=== HOW TO COMPLETE THIS TASK ===
Output all the records word for word. Drop the pictures.

=== DATA FOR THE TASK ===

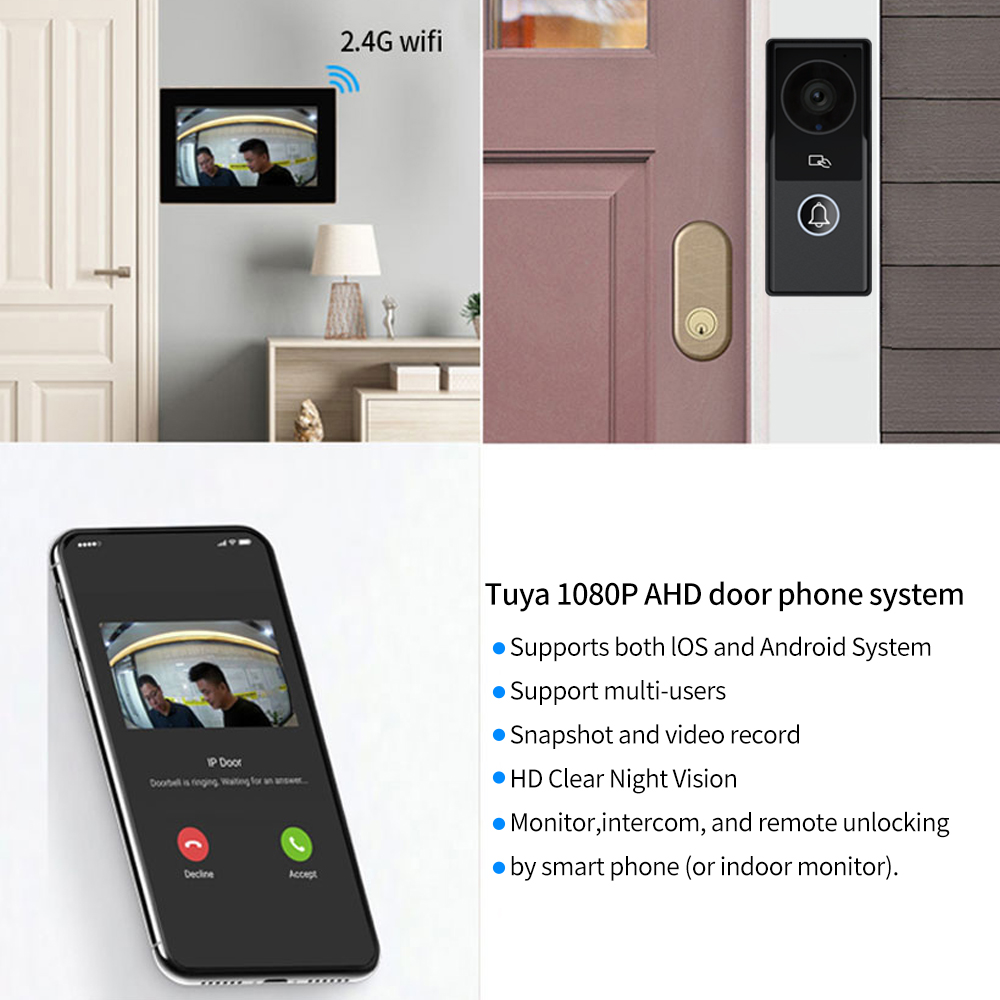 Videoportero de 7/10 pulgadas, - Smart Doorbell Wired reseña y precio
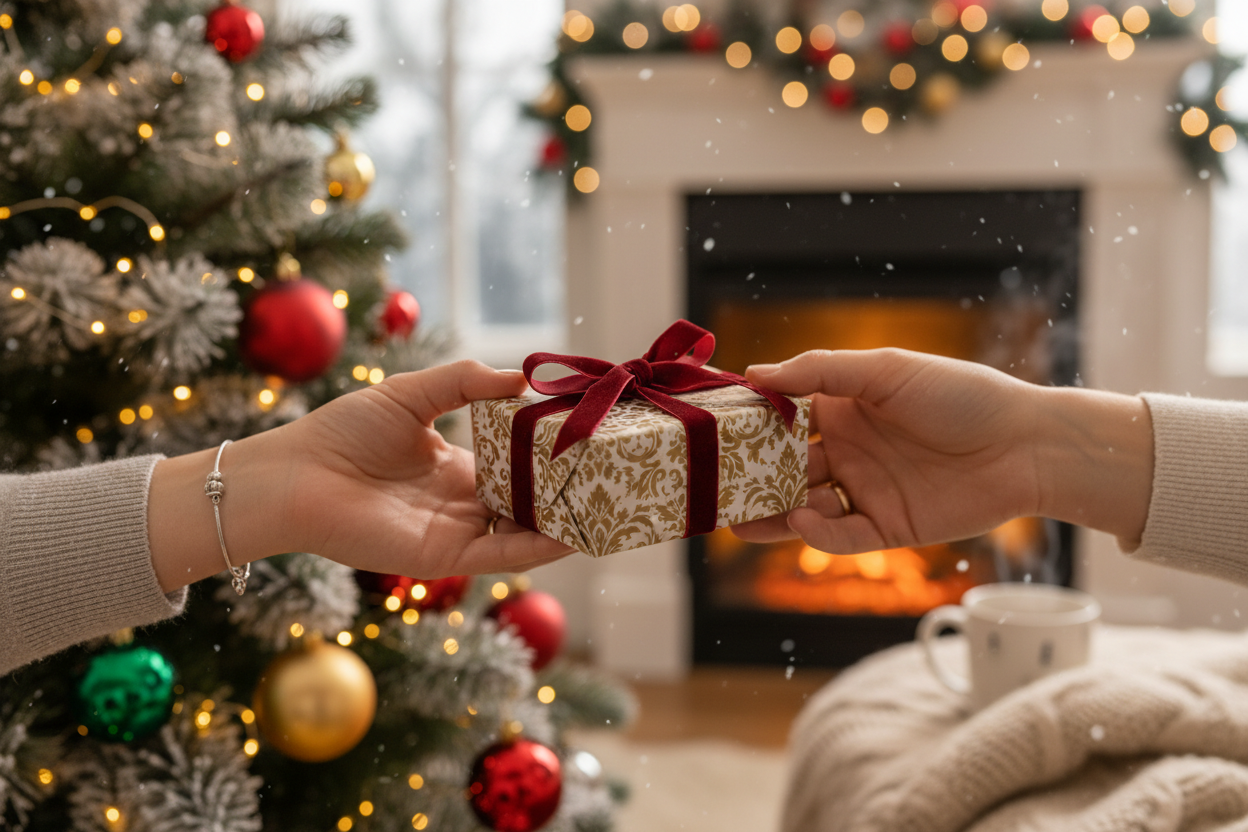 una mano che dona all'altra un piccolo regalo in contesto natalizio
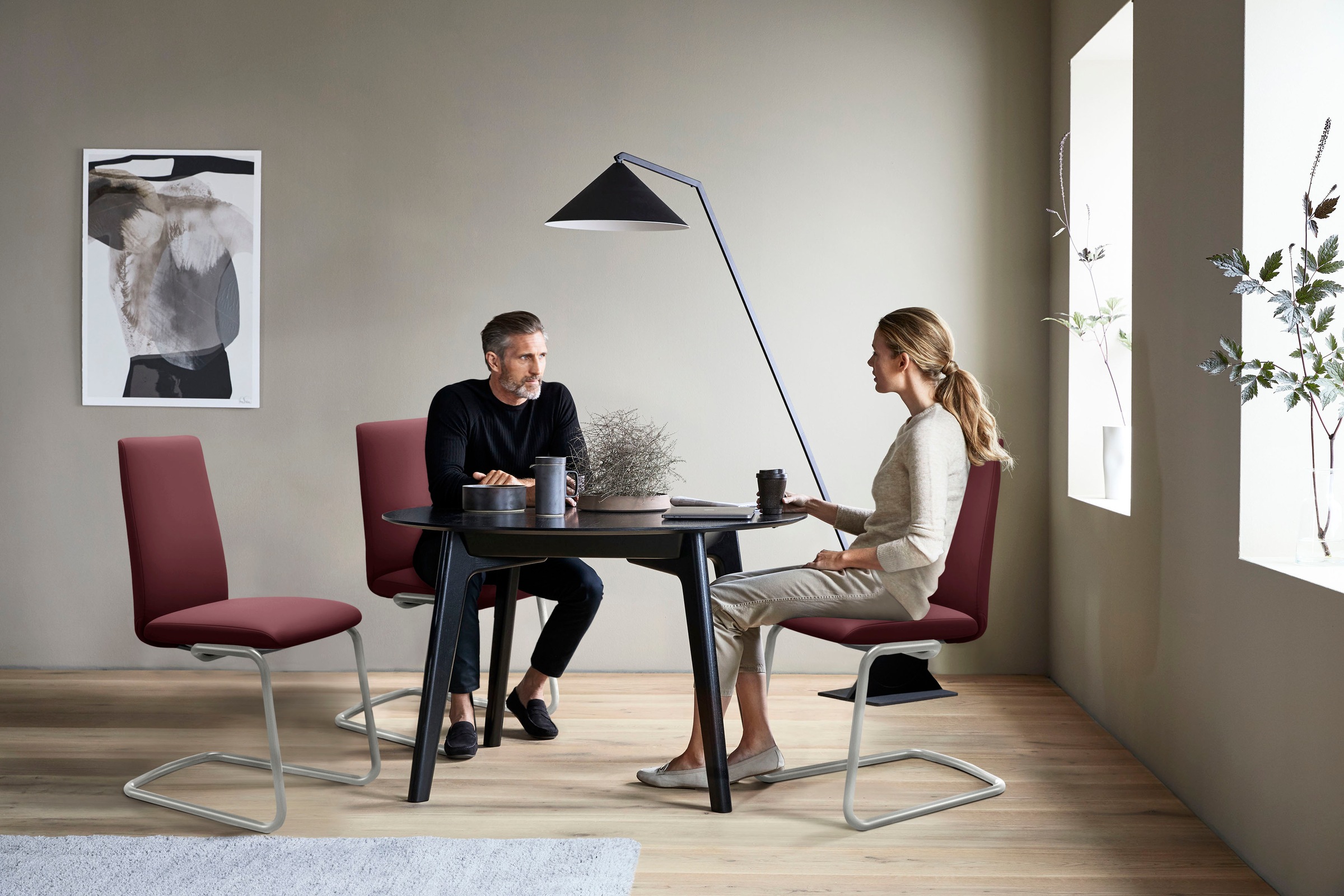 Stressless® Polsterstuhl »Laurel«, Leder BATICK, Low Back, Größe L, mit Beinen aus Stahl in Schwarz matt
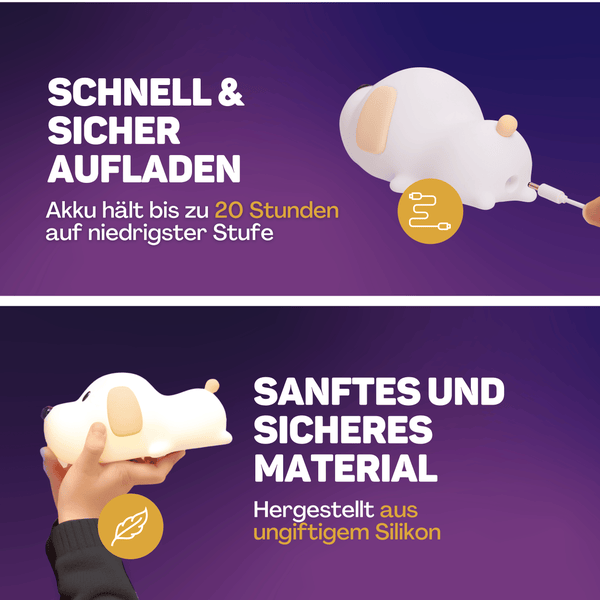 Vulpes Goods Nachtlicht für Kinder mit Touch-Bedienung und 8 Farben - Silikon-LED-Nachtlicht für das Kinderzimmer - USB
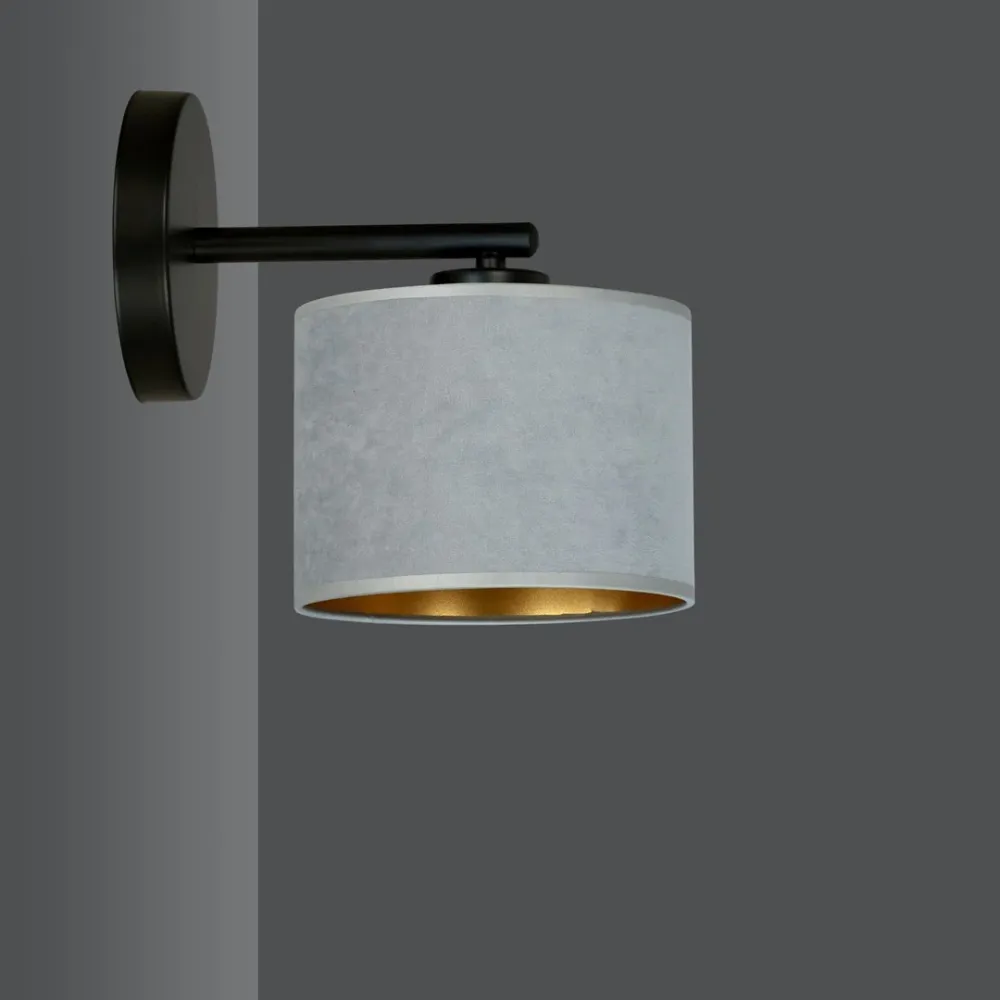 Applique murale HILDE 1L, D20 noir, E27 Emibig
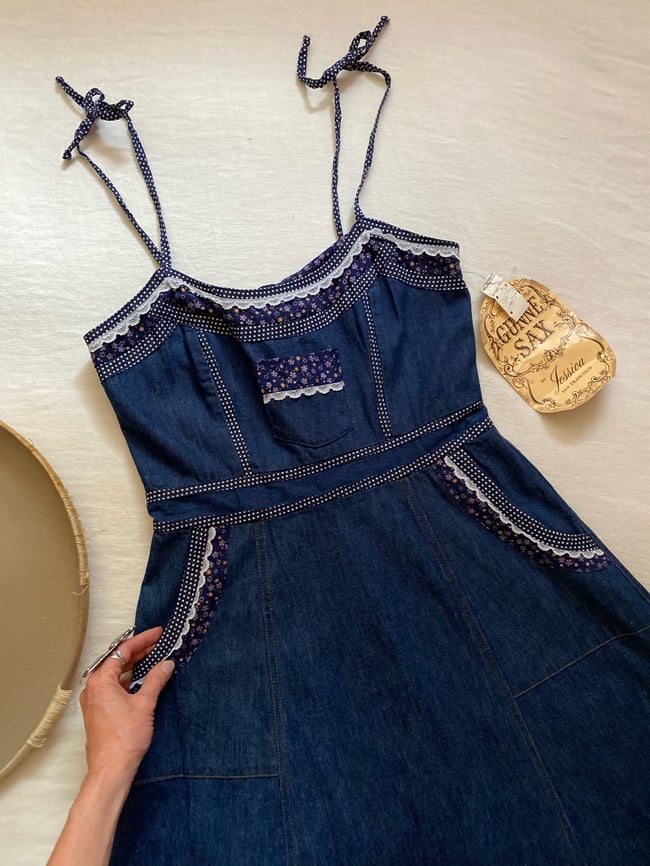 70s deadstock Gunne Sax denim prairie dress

=== RESULT ===
 Videoportero de 7/10 pulgadas, - Smart Doorbell Wired reseña y precio
 una mano che dona all'altra un piccolo regalo in contesto natalizio
 Stressless® Polsterstuhl »Laurel«, Leder BATICK, Low Back, Größe L, mit Beinen aus Stahl in Schwarz matt
 Vulpes Goods Nachtlicht für Kinder mit Touch-Bedienung und 8 Farben - Silikon-LED-Nachtlicht für das Kinderzimmer - USB
 Applique murale HILDE 1L, D20 noir, E27 Emibig
 70s deadstock Gunne Sax denim prairie dress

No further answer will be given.